Improve LockService functionality and flexibility
See original GitHub issueDescription
Because concurrent update/rollback/etc. operations to a database will interfere with each other, Liquibase has a LockService which we use to coordinate access so only one instance can run against a database at time.
Examples of when you can run into concurrency trouble:
- Liquibase is embedded on startup of an application server, and you have a cluster of machines that may be starting at once
- Liquibase runs as part of a build job, and concurrent builds can happen at once
The StandardLockService is the normal implementation that uses a databasechangeloglock
table. Liquibase inserts a record and commits it at startup time, and if other instances see that record they wait until it is cleared.
The big problem with this standard implementation is that IF the instance doing the update is killed before it commits the clearing of the record, that value is stuck until liquibase clearLocks
is ran.
This problem has been around forever in Liquibase, but has been exasperated in recent years with systems like AWS that auto-kill processes that seem slow to start up. We wrap everything in try/catch blocks, but process killing happens too out-of-band for us to deal with.
Related issues/PRs
Descriptions and proposed fixes:
Moving the overall discussion and design to this ticket.
Requirements (New Configuration Options)
- Add a
liquibase.lockservice.enabled
global configuration value that can be used to disable lock service completely. This will allow easier “BYO Locking” (see options section below) - Add a
liquibase.lockservice.heartbeat.enabled
global configuration value that can be used to enable the heartbeat functionality. For the first release, set this to “false” as a default. Future release will change the default to “true” - Add a
liquibase.lockservice.heartbeat.rate
global configuration value that can be used to control how often to update the heartbeat column. Value is seconds, with a default of “10”. - Add a
liquibase.lockservice.heartbeat.timeout
global configuration value that can be used to control how long to wait until it a separate process can take the lock. Value is in seconds, with a default of “30”.
Requirements (Add Heartbeat support)
Update StandardLockService to use a heartbeat thread to update the heartbeat column. (See “options” section below)
- Existing databasechangelog lock tables should be auto-updated to have an additional, nullable “heartbeat” varchar(255) column.
- Heartbeat thread must gracefully handle errors, and if the thread stops unexpectedly it should cause the overall liquibase operation to stop.
- The heartbeat will update the column to a random number/string based on the rate. The waiting process will watch for changese to this value rather than comparing dates in the heartbeat column to avoid date arithmetic and/or system time issues.

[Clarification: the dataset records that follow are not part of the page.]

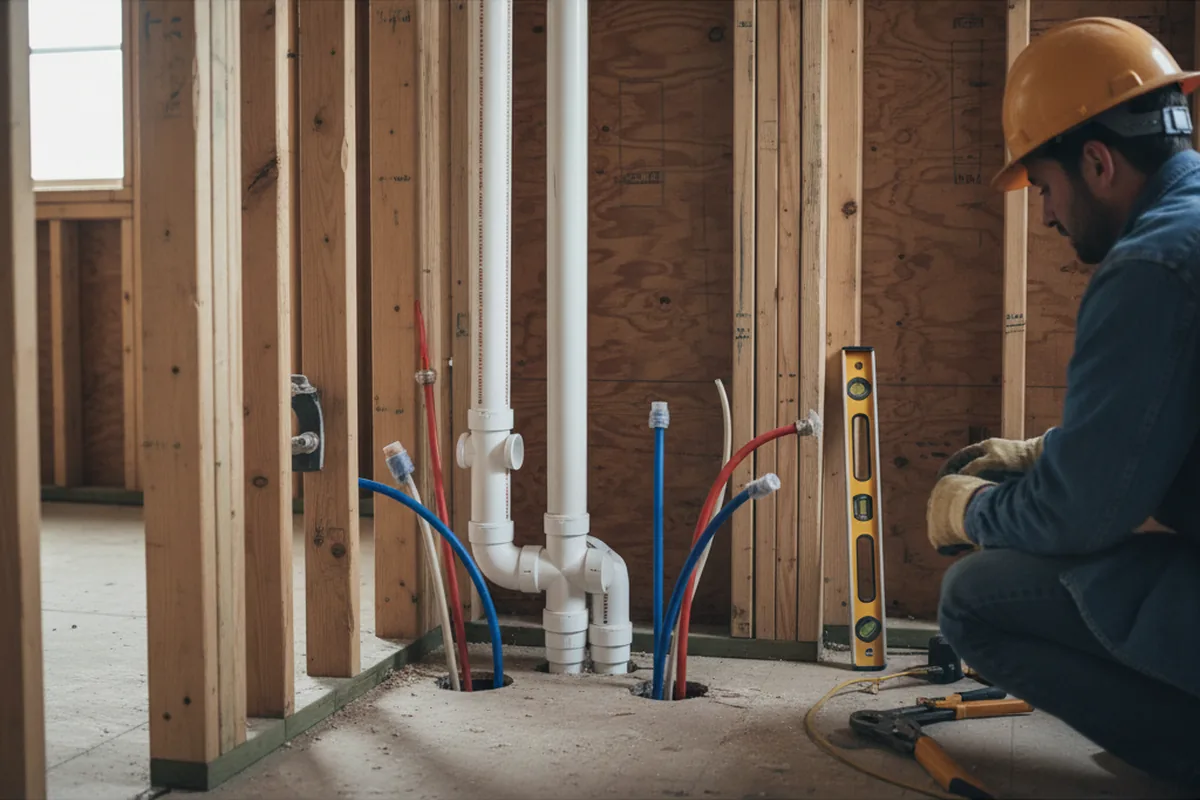 Drain and supply rough-in during Drain Cleaning in Mertens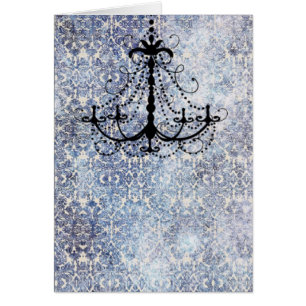 Lustre sur papier peint bleu imitation vintage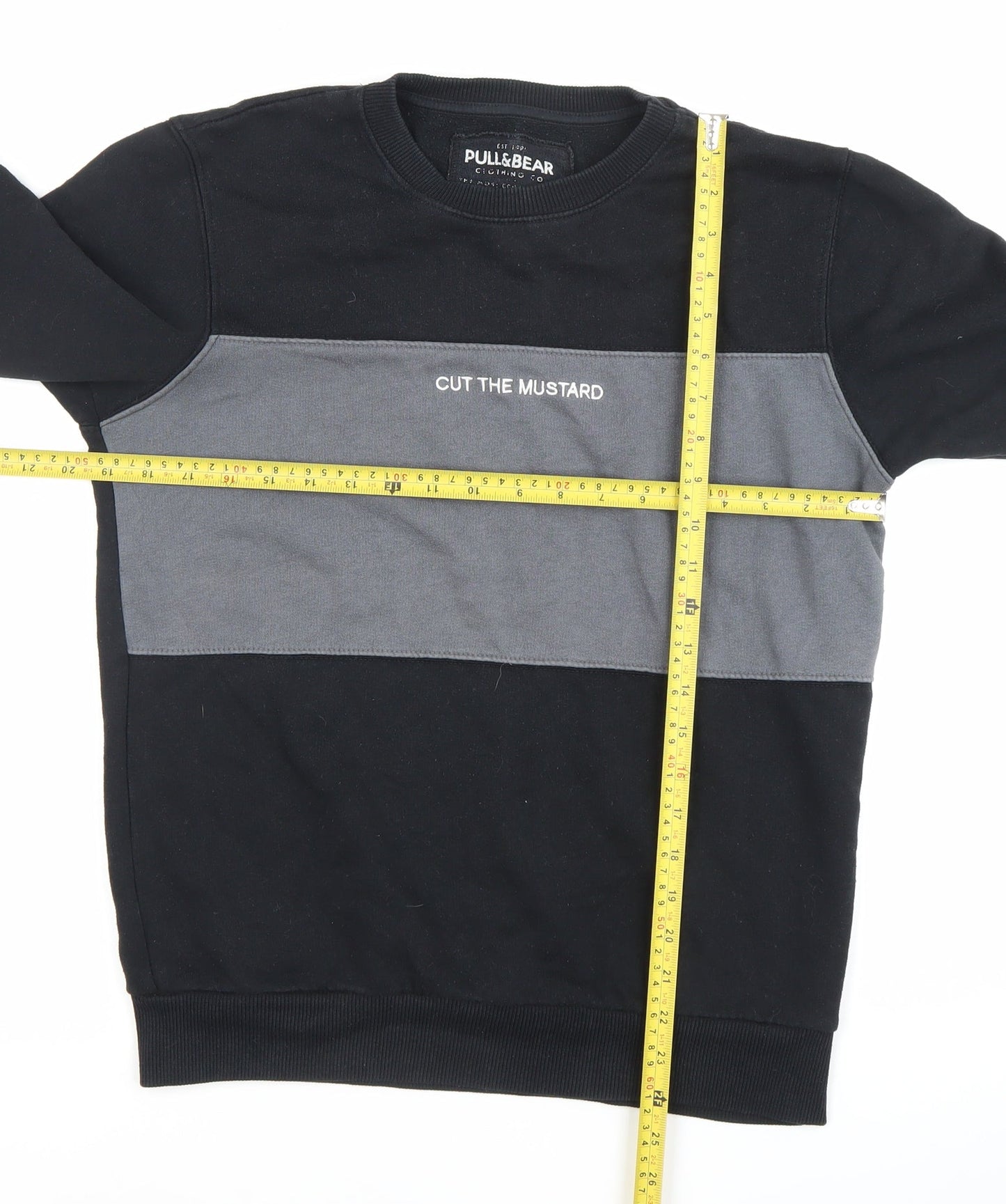 Pull&Bear Men’s Black Grey Colour Block Sweatshirt Size S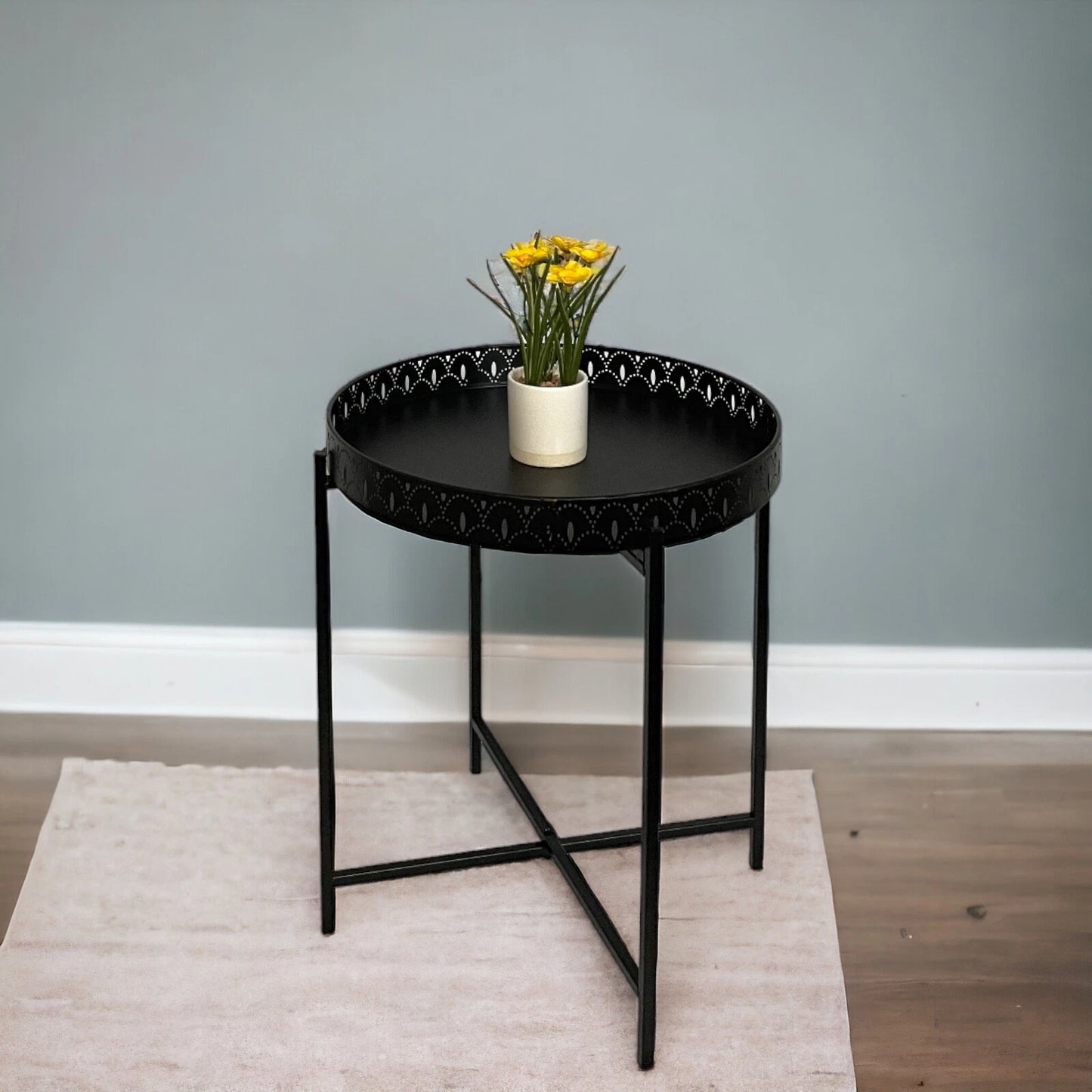 Black Metal Side Coffee Tray Table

- The SQL to take the lock should take the last heartbeat value they knew of into account and check how many rows are updated. This will handle the case where multiple waiting processes try to force an unlock concurrently. 1.The waiting process cannot take the lock if the heartbeat column is null. This supports the “heartbeat.enabled=false” configuration as well as older version of liquibases
Requirements (General refactoring)
While we are adding this feature, we will also do our 4.x work of reviewing the LockService interface in general to make it more extensible and manageable. This makes it easier to have a single release note of “We changed the lock service to support heartbeats and is also easier to work with”. The changes will be an API breaking change for extensions that wrote their own LockService, but we will include documentation on how to update their code.
- Refactor LockService API to be in line with new 4.x standards (use Scope, extend PluginService, etc.)
- Refactor/centralize the databasechangeloglock table management into the StandardLockService rather than being scattered across special SqlGenerators etc.
Test Criteria
- Running liquibase concurrently with a running update/rollback will wait until the other process is done.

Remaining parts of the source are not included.